Sábado, Dezembro 05, 2009
A sociologia do eloquente Valdemar
A Academia Nacional de Belas‑Artes quis homenagear Manoel de Oliveira e, para tal, organizou uma cerimónia com a presença de José‑Augusto França e António Valdemar. Este último, que ostenta o título pomposo de presidente da Academia, não encontrou melhor para dizer, referindo‑se ao realizador de Vale Abraão, do que qualificá‑lo como «um dos raros portuenses universais». Numa penada (com imenso talento para o feito, diga‑se), o bom do Valdemar reduziu Oliveira a espécime raro, a algo como um sobrevivente de uma raça de bárbaros, a alguém que conseguiu escapar do atroz destino de ignorância, mesquinhez e trevas a que estaria condenado pela sua tão impura origem. O grande Valdemar poderia antes ter feito uma pequena investigação sobre a freguesia em que nasceu Oliveira, podendo assim dizer que se tratava mesmo do único não‑sei‑quê universal. Para o iluminado Valdemar, o que está em causa em Oliveira não é a qualidade da sua obra, mas esse facto tão singelo, tão inexplicável para ele –– o sapiente Valdemar, o civilizado Valdemar ––, que consiste na existência de uma obra universal (como ele a qualifica) provinda de uma terra de pelintras (civilizacionalmente falando, claro). Para o vidente (culturalmente falando, claro) Valdemar, tudo se reduz a uma luta contra as raízes, a um combate contra essa prisão para onde a sua sociologia de pacotilha, lida à pressa nos positivistas do século XIX (onde o pobre do Valdemar ainda vive, ideologicamente falando, claro), não deixa de o remeter. Pouco faltou, afinal, para que o ilustre presidente da Academia se tivesse dirigido a Oliveira dizendo‑lhe que estava com muito boa cara.

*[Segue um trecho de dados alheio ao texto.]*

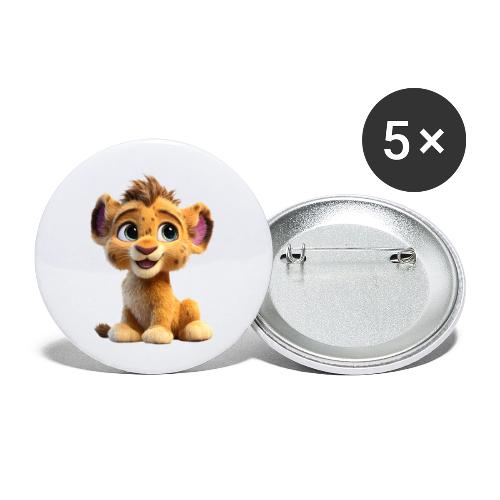 Sweet Lion Cub - Buttons large 2.2'' (5-pack)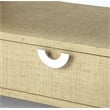 Butler Specialty Company Amelle Raffia Console Table In Beige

Transcrevo o post publicado no blogue "Da Literatura" acerca da homenagem prestada a Manoel de Oliveira pela Academia Nacional de Belas Artes, em que António Valdemar fez o elogio do cineasta. Não conheço o discurso de Valdemar e li apenas as referências de João Paulo Sousa. Mas parece-me que a imagem que ilustra o post, a de Júlio Dantas, tem por objectivo comparar a prosa de Valdemar à de Dantas, com o propósito de a ambos achincalhar. Não conheço a obra de Sousa, pois dele nada li, mas conheço a de Dantas. Também sei que é de bom tom menorizar ou mesmo ridicularizar a obra de Dantas. Isso acontece especialmente por parte de quem nunca o leu ou não tem entendimento para o compreender e apreciar. Se António Valdemar, no seu papel académico, se assemelha a Dantas, é só motivo para o cumprimentar. E creio bem que João Paulo Sousa, mesmo que o quisesse, jamais chegaria aos calcanhares de Júlio Dantas.
4 comentários:
«Nem a frase sutil,
nem o duelo sangrento...
É o amor coração,
é o amor sofrimento.
Uma lágrima... Um beijo...
Uns sinos a tocar…
Um parzinho que ajoelha
e que vai casar.
Tão simples tudo!
Amor, que de rosas se inflora:
Em sendo triste canta,
em sendo alegre chora!
O amor simplicidade,
o amor delicadeza...
Ai, como sabe amar,
a gente portuguesa!
Tecer de sol um beijo, e,
desde tenra idade,
Ir nesse beijo unindo o amor
com a amizade,
Numa ternura casta
e numa estima sã,
Sem saber distinguir entre
a noiva e a irmã...
Fazer vibrar o amor em
cordas misteriosas,
Como se em comunhão se
entendessem as rosas,
Como se todo o amor fosse
um amor somente...
Ai, como é diferente!
Ai, como é diferente!»
Do grande Júlio Dantas.
Quanto a não ter lido nada do que escrevi, não é exacto, visto que já leu, pelo menos, uma entrada do blogue (e será sinal de que já sabe ler); mas, se quiser, pode enviar-me uma morada do Médio Oriente, que terei muito gosto em libertá-lo desse estado de ignorância. Cumprimentos (e morra o Dantas, claro).
Quem é João Paulo Sousa?
PARA JOÃO PAULO SOUSA:
Regozijo-me não só porque leu Dantas mas porque o cita. E "A Ceia dos Cardeais" é uma magnífica peça da nossa literatura. Se quiser dar-se ao trabalho, poderá ler o que sobre ele escrevi, neste blogue, no passado mês de Maio.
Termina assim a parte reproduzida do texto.